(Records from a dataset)

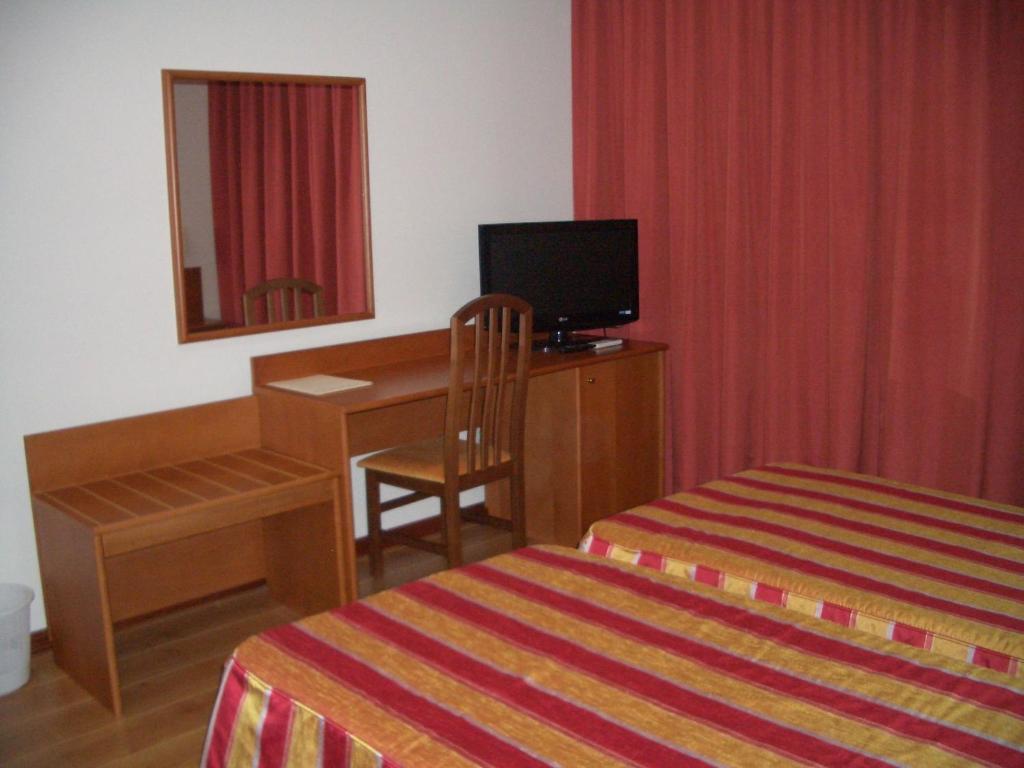 Aguiar Da Pena Hotel 3*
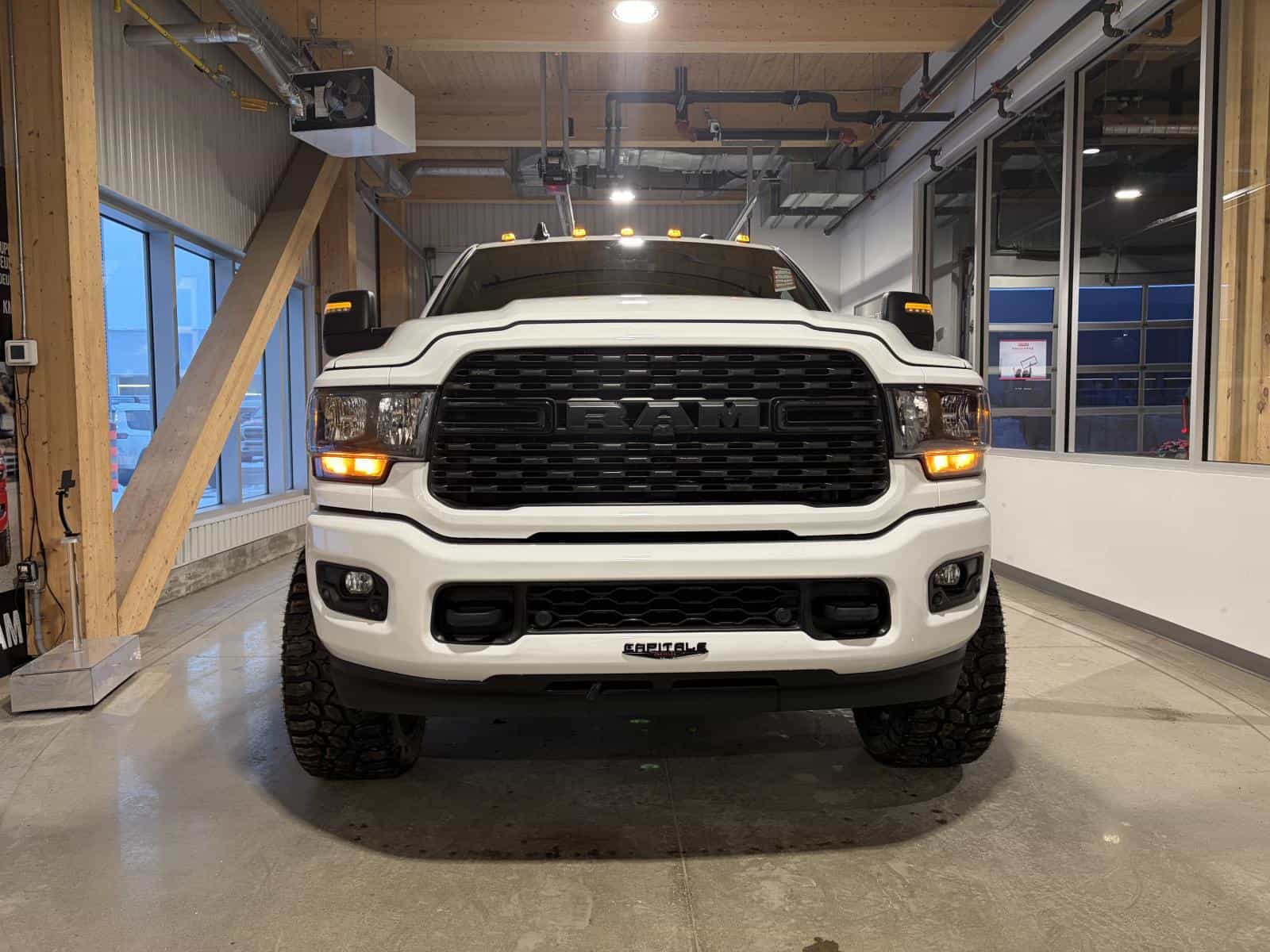 2024 RAM 2500 Big Horn - Image 2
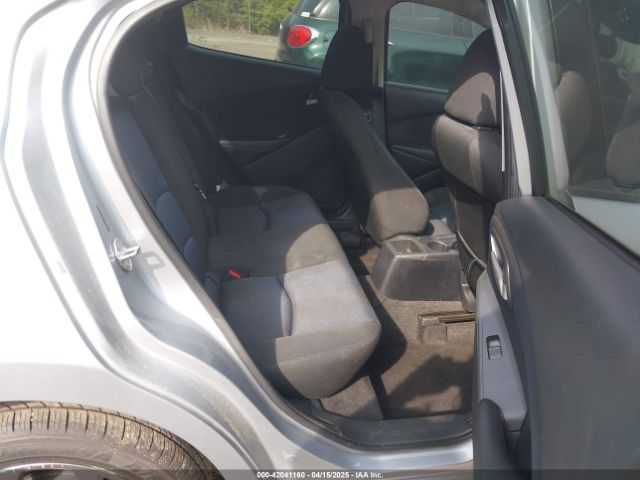3MYDLBJV3LY709015 Toyota YARIS LE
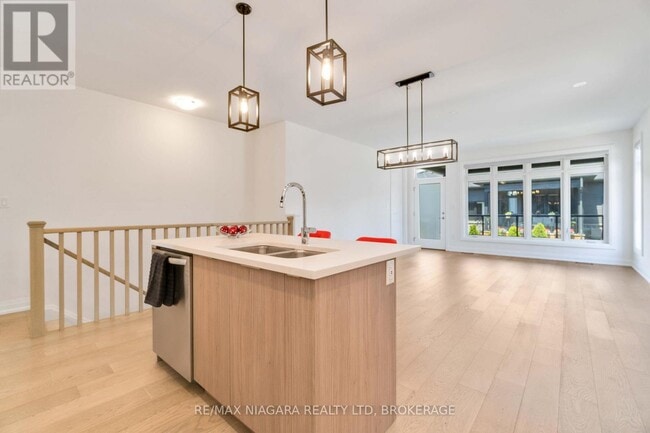 Building Photo - 9150 Willoughby Dr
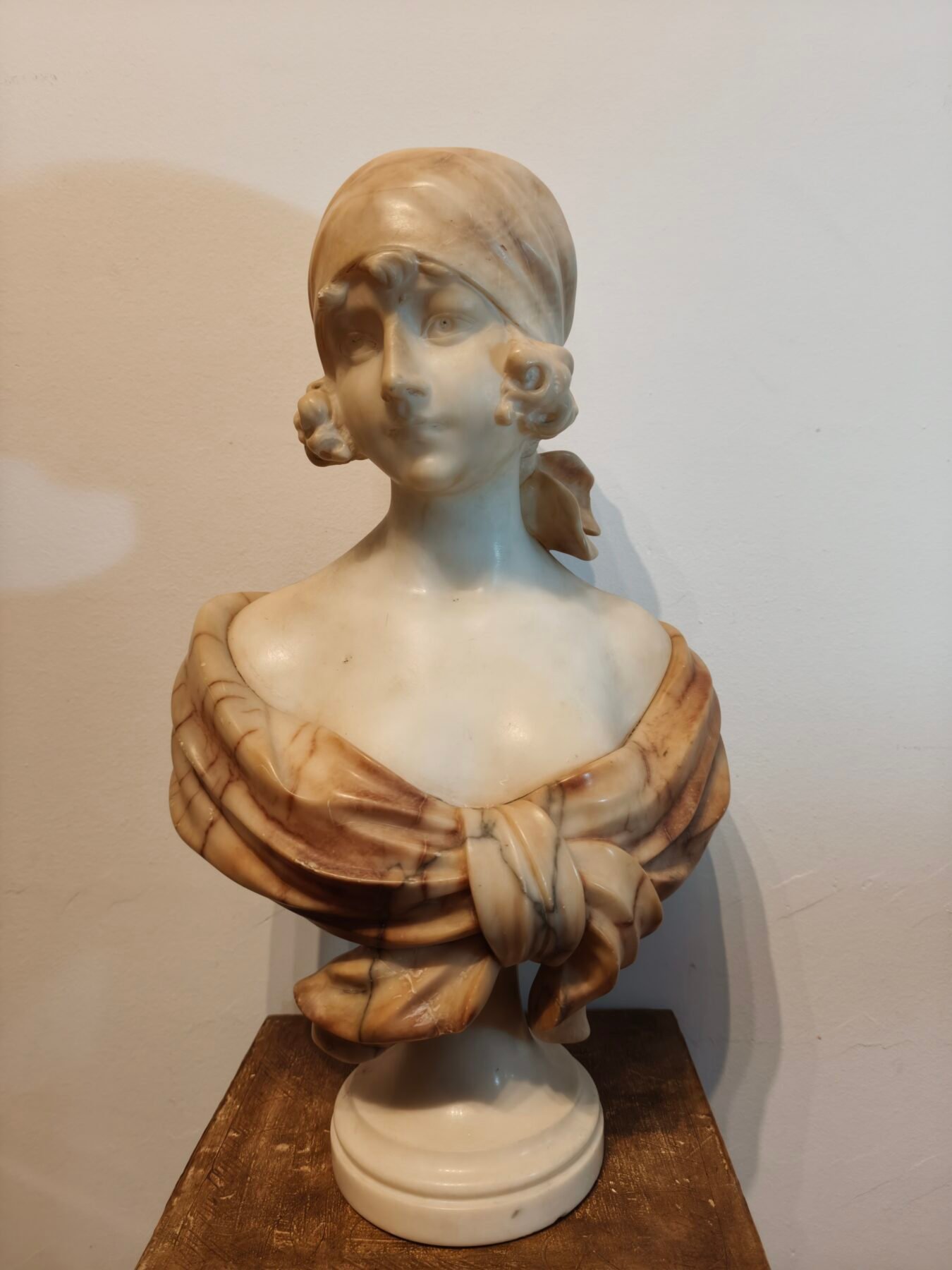 Busto alegórico femenino con mantón y turbante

Exercise requirements:
Set down nothing but the lines from the one containing "2024 RAM 2500 Big Horn - Image 2" to the final line above, both included, with every picture left out.

Finished exercise:
 2024 RAM 2500 Big Horn - Image 2
3MYDLBJV3LY709015 Toyota YARIS LE
 Building Photo - 9150 Willoughby Dr
 Busto alegórico femenino con mantón y turbante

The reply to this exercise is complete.